** DATA EXTRACTS follows **

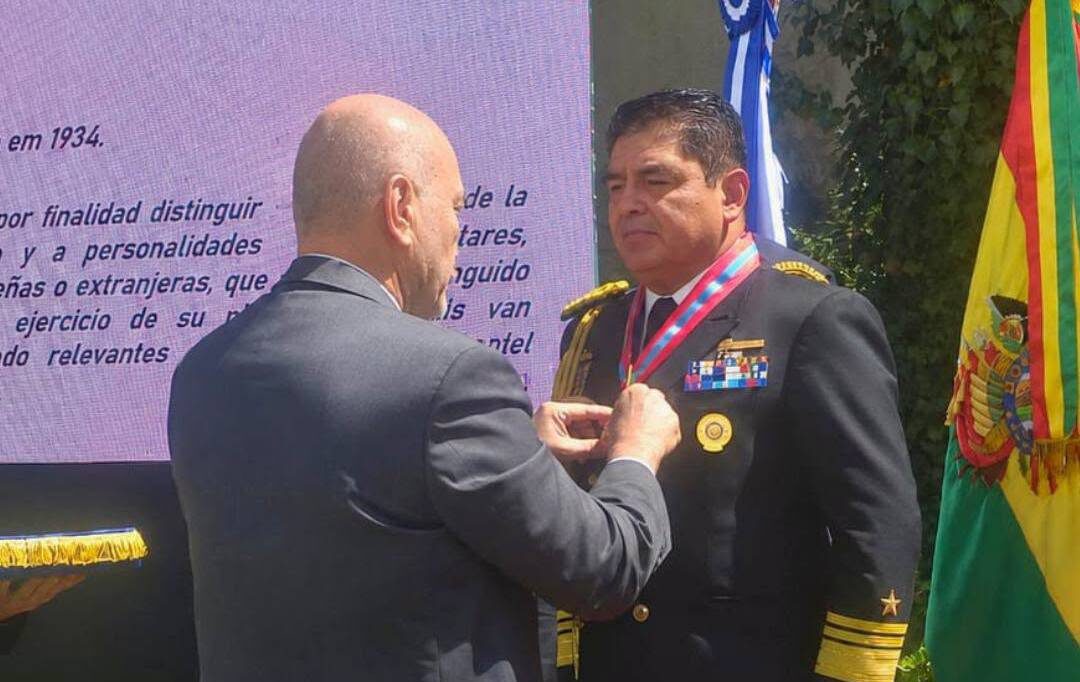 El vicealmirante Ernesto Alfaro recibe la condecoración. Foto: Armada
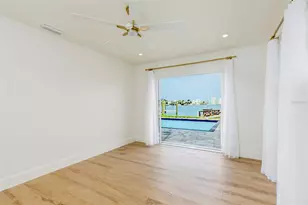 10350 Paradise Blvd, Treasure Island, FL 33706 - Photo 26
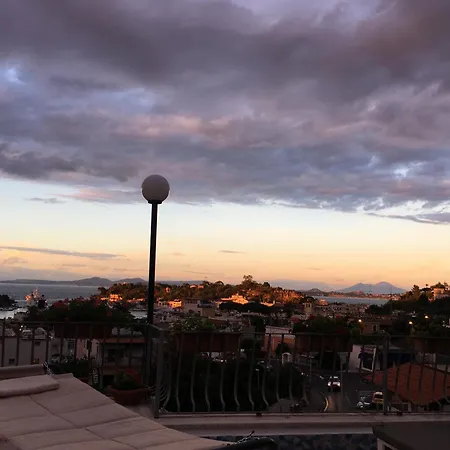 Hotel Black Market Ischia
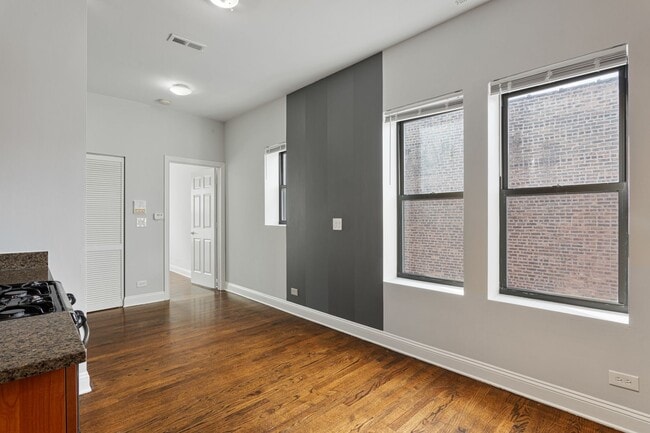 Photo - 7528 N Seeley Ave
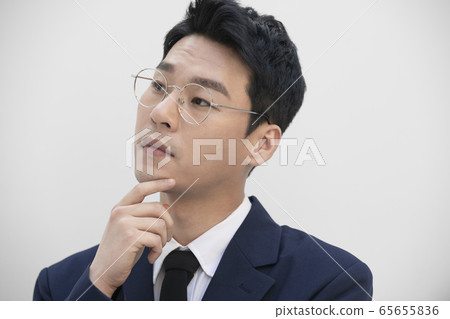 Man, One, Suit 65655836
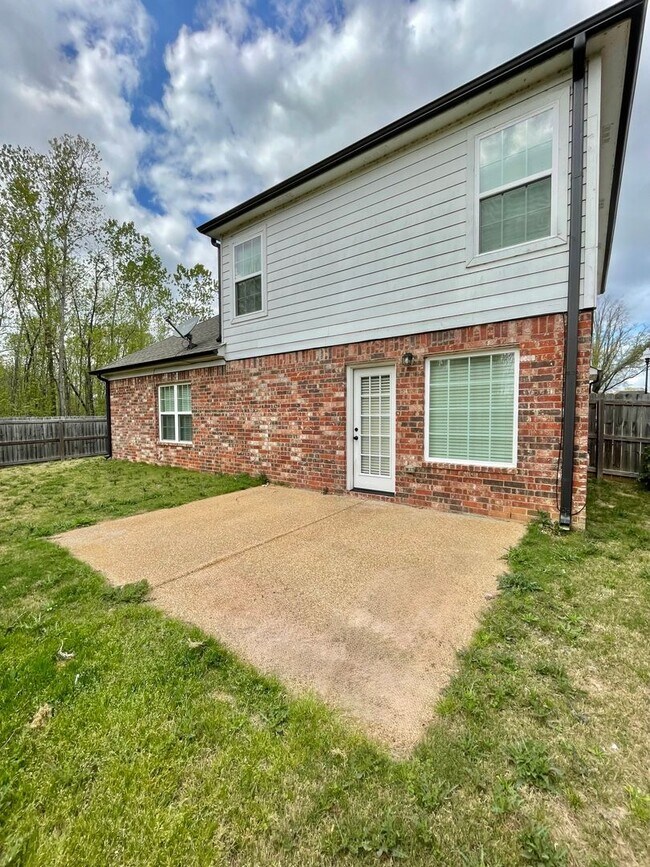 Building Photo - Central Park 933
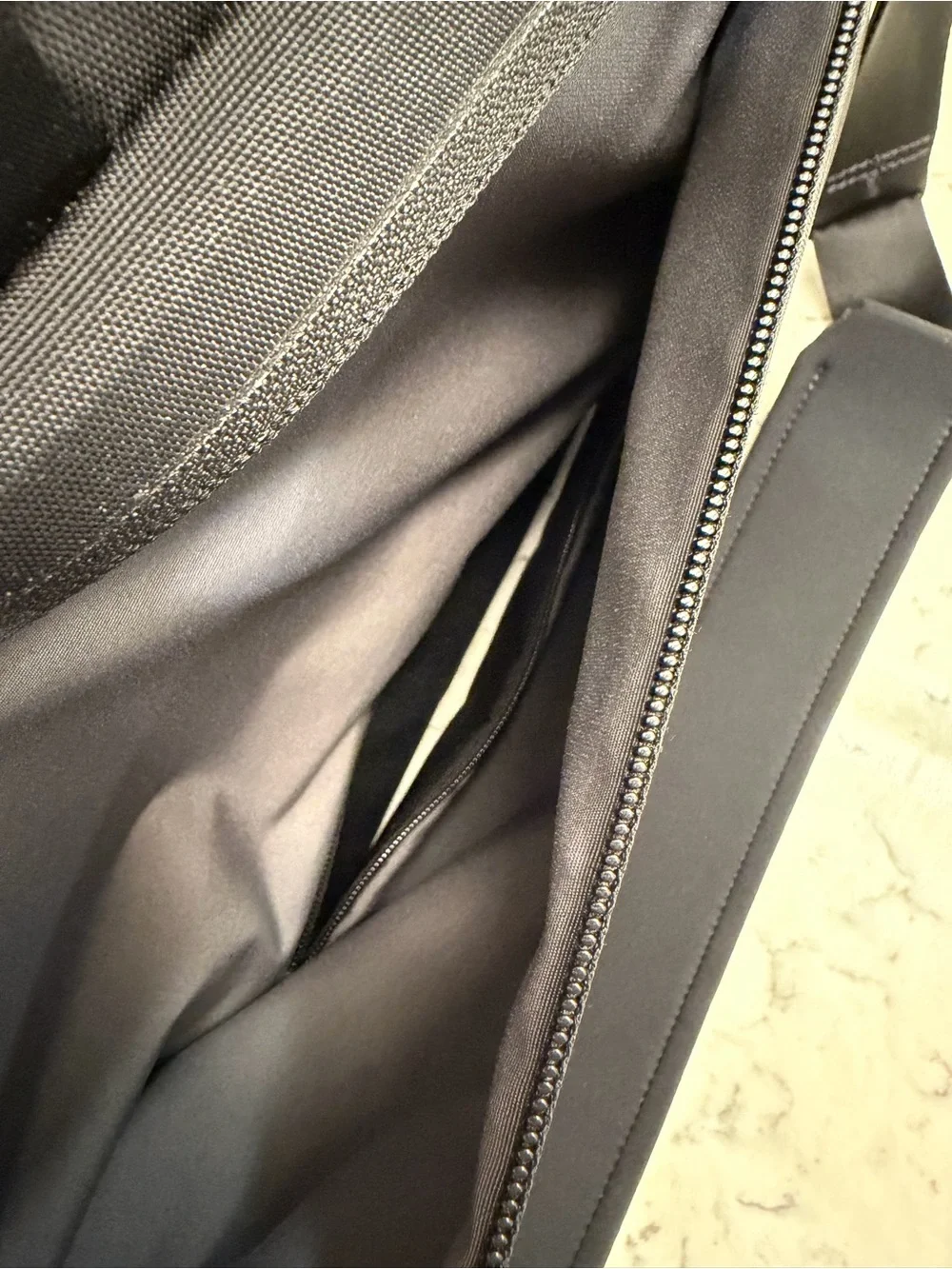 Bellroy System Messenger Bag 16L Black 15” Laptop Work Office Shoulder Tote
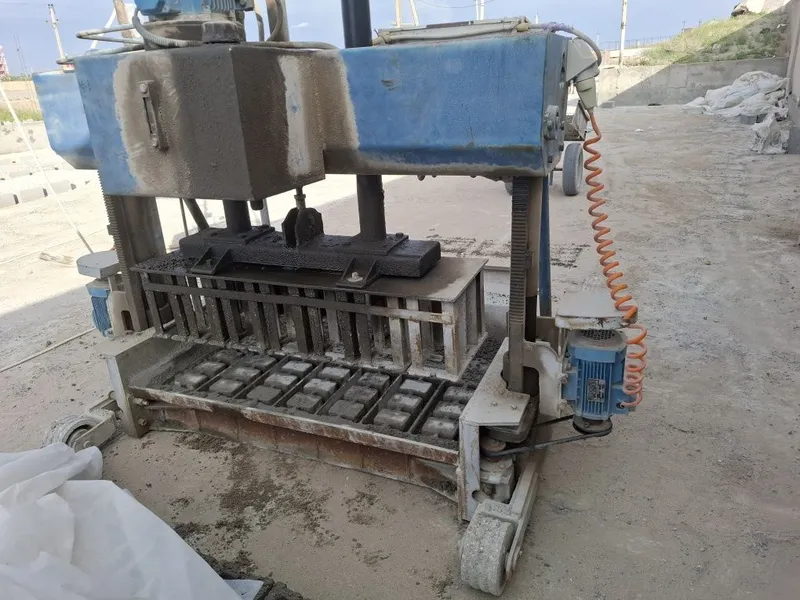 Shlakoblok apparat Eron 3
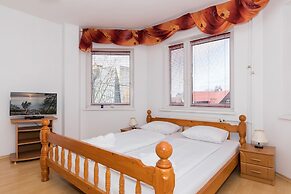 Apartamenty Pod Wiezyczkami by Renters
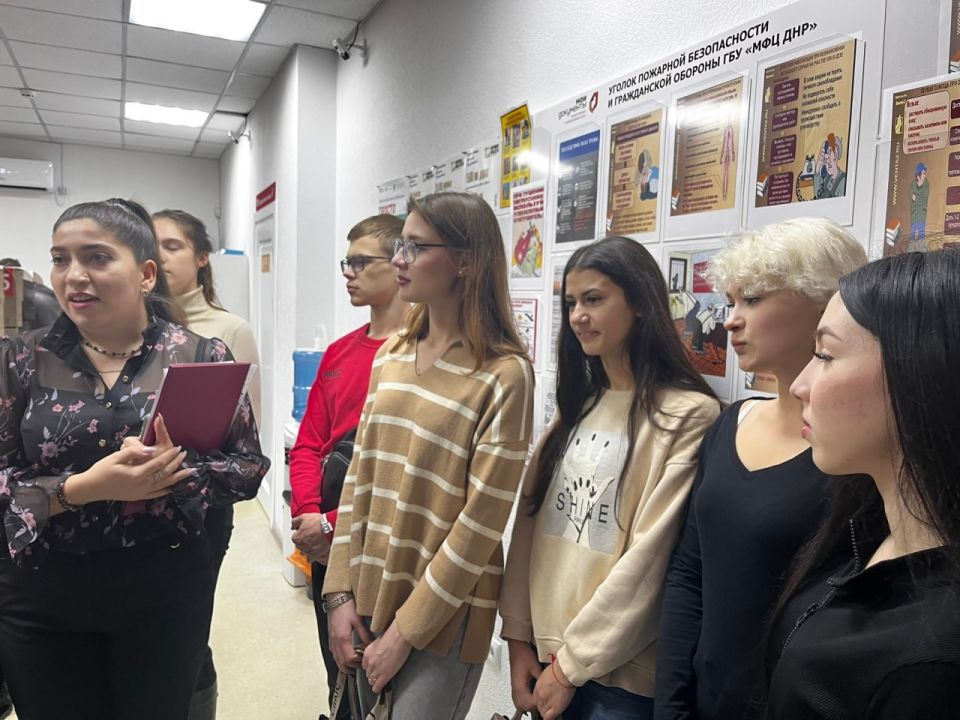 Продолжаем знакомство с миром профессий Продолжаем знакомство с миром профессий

** End of DATA EXTRACTS **

WHAT THE EXERCISE ASKS:
Copy out, unchanged, the span of lines beginning with the one that includes "Bellroy System Messenger" and running through the final line of the material above. Leave the pictures out.

TASK SOLUTION:
 Bellroy System Messenger Bag 16L Black 15” Laptop Work Office Shoulder Tote
 Shlakoblok apparat Eron 3
 Apartamenty Pod Wiezyczkami by Renters
 Продолжаем знакомство с миром профессий Продолжаем знакомство с миром профессий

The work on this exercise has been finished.